Talk about holy goosebumps.
It wasn’t loud. It wasn’t dramatic.
It was steady, simple obedience, our family slowly becoming rooted in God’s Word together. Bible time at home. Conversations about faith in car rides. Little prayers whispered at bedtime. I could almost see God weaving it all together, the same way He did in my childhood, through my dad’s example.
And somewhere in the middle of motherhood, grief, learning, and starting again, I realized:
Becoming isn’t glamorous.
It’s planting deep roots when nobody claps.
It’s trusting that God is building something underneath the surface.
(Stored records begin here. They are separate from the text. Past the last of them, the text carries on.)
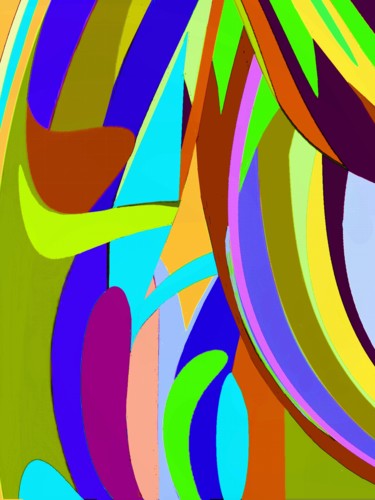 Digital Arts titled "A Garden corner I" by Peter Jalesh, Original Artwork, Digital Painting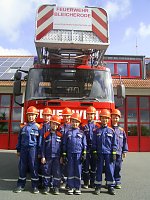 auf dem Gelände der Freiwilligen Feuerwehr Bleicherode stellten sich die Kinder der Prüfung des Leistungsabzeichens der Thüringer Jugendfeuerwehr f Bild: auf dem Gelände der Freiwilligen Feuerwehr Bleicherode stellten sich die Kinder der Prüfung des Leistungsabzeichens der Thüringer Jugendfeuerwehr f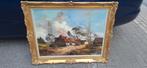 Groot schilderij gesigneerd Jean Jacques Foulon, Ophalen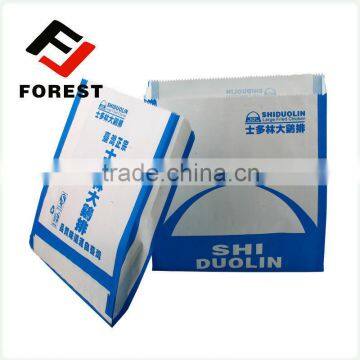 Blue customised branded paper bags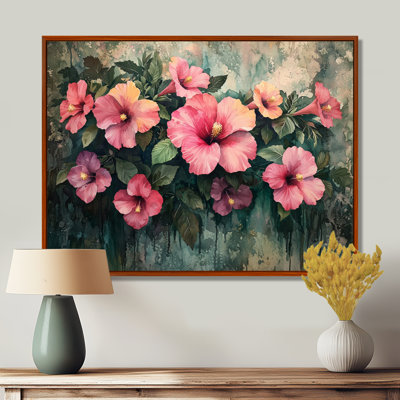 Hibiscus fleurs en harmonie tropicale I - art mural hibiscus
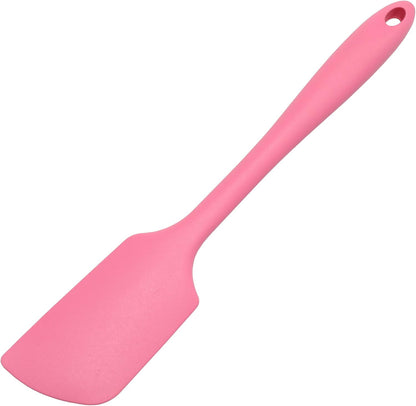 Premium Silicone Angled Spatula, 11 inch, Pink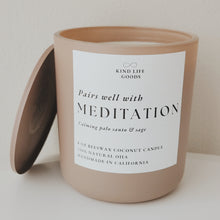 Load image into Gallery viewer, Meditation Candle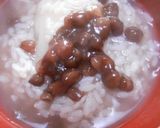簡単・ゆであずき缶で小豆粥作り方7写真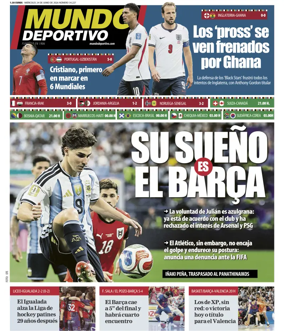 Cover of Mundo Deportivo (Barcelona)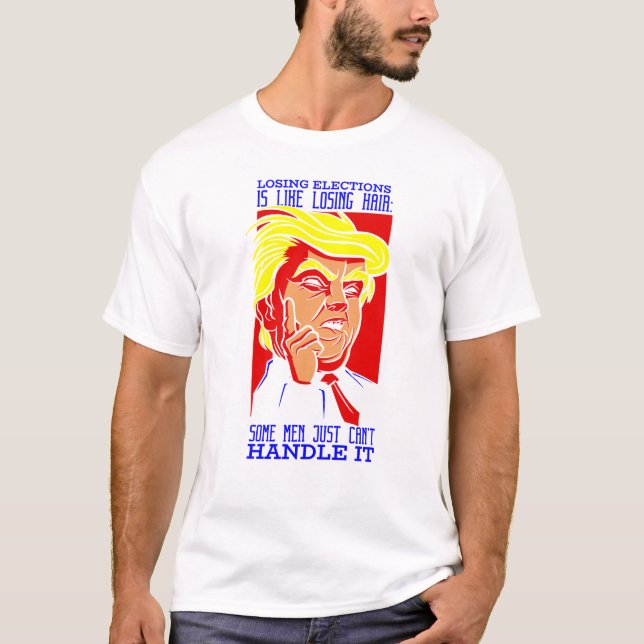 Donald Trump borttappad val T Shirt (Framsida)
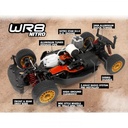 Hobby Products Intl. 160211 WR8 Nitro 3.0 2001 WRC Subaru Impreza 1/8 Scale 4WD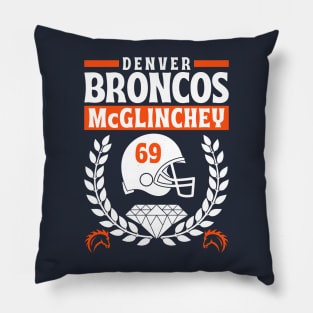 Denver Broncos McGlinchey 69 Edition 2 Pillow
I’m also one year away from finishing school, which still feels surreal. There have been late-night assignments, coffee that probably qualifies as a food group, and so many moments when I wondered if I was actually capable of doing this. But God has carried me every single step and I know my dad would be cheering, “Keep going. God’s not done.”
And yes, I’ve had seasons this year with no job title attached to my name.
But strangely, I’ve never felt more purposeful. I know certain doors closed because God is preparing something I’m not ready for yet. His timing is slow sometimes… but it’s never wrong.
“For I know the plans I have for you,” declares the Lord…
plans to give you hope and a future. - Jeremiah 29:11
And now, here comes 2026.
My word?
Flourish.
Flourish is that shift from growing quietly under the soil…
to finally seeing green shoots break through.
It’s allowing faith, creativity, calling, and purpose to bloom in visible ways, not to show off, but to show God’s faithfulness.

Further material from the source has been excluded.